DAVID was memorized as the final name in the first ’14 generations’ (from Abraham up to and including David), & again memorized as the 1st of the 2nd group of 14. Thus 3 groups of ’14’, but because DAVID IS DUPLICATED, the total is actually 41, not 42.

Look carefully: for memorization, KING DAVID is counted again as the first of the 2nd “14 generations” “until the carrying away into Babylon”. Note well that ‘until’ Babylon does not include Babylon, but rather “up until”, ie, just before. So up UNTIL BABYLON would conclude with Josias, not Jechonias, as the final of the second 14. ((Matthew 1:10 KJV) “…& Amon begat Josias;”)

(Matthew 1:11 KJV) "And Josias begat JECHONIAS … about the TIME THEY WERE CARRIED AWAY TO BABYLON:” (Mat 1:12) "And AFTER they were brought to Babylon, Jechonias begat Salathiel; …”

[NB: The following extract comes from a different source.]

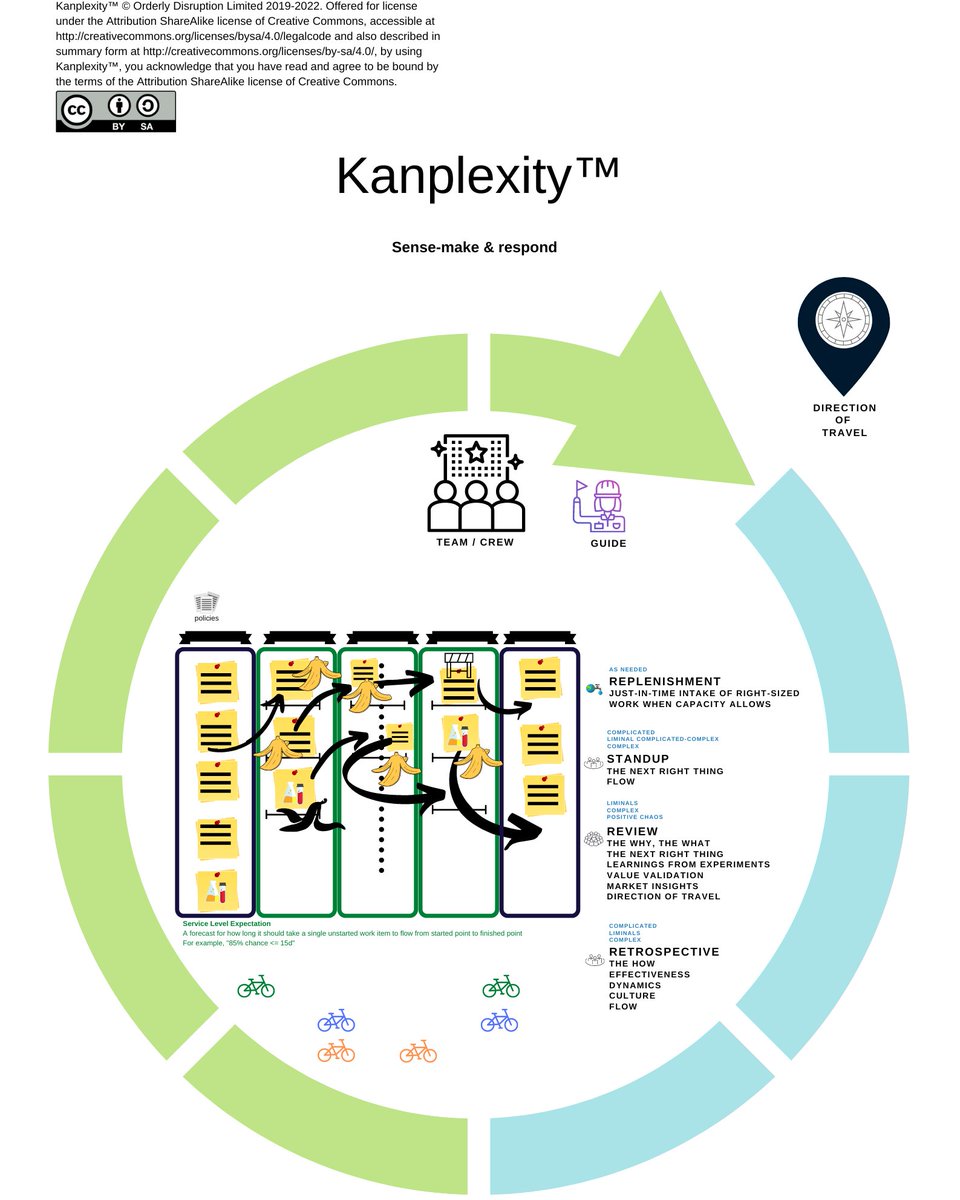Kanplexity is a jumping-off point for supporting Cynefin® using Kanban. It is also a complexity expansion pack for Kanban. 

Kanplexity goes live at one minute past midnight UK time on Friday 30th September on kanbanguides.org
#kanban #cynefin #executiveleadership #agility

In conclusion, people easily (& often intentionally) think the genealogies of the Old and New Testaments confusing. The names are strange, and often have variant spellings. Also, there is no reason to believe that any of these genealogies are all inclusive, as there is good reason to believe that they ‘skipped’ many generations and only highlighted the more significant ones.

Also, your question often leads to the next claim of ‘contradiction’, that the genealogies of MATTHEW versus LUKE differ. But, though Christians may differ, there are powerful and obvious reasons to conclude that Matthew, writing to the Hebrews, was giving the genealogy through the father Joseph, while Luke was listing that through the line of Mary.

I hope I have made this clear, and that the question of genealogies will not be an obstacle.

  • Matthew's list is the genealogy of the royal line which does not, necessarily, follow the direct genealogy (as listed by Luke) of the firstborn in each generation. Royal succession sometimes necessitates other than the direct firstborn being chosen.
    – Nigel J
    Commented Nov 27, 2018 at 19:48

The question of Matthew's genealogy is much worse than that. His numerical pattern of fourteen is clearly intended to impress the reader that Jesus' coming was part of a divine plan. But his list of names leaves out several generations between David and the deportation to Babylon, as compared to the list in 1 Chronicles 3:10-12. The names of Ahaziah, Joash, Amaziah, and Azariah are omitted, and the name "Uzziah" appears instead. Also, the name Jehoiakim is missing from between Josiah and Jechoniah.

This material was evidently included for propaganda value, similar to many other of Matthew's claims of "fulfillment".


If you read further, you’ll note that God the Holy Spirit is the 13th name in the lineage. Jesus is the last, the 14th. Jesus is the Son of God.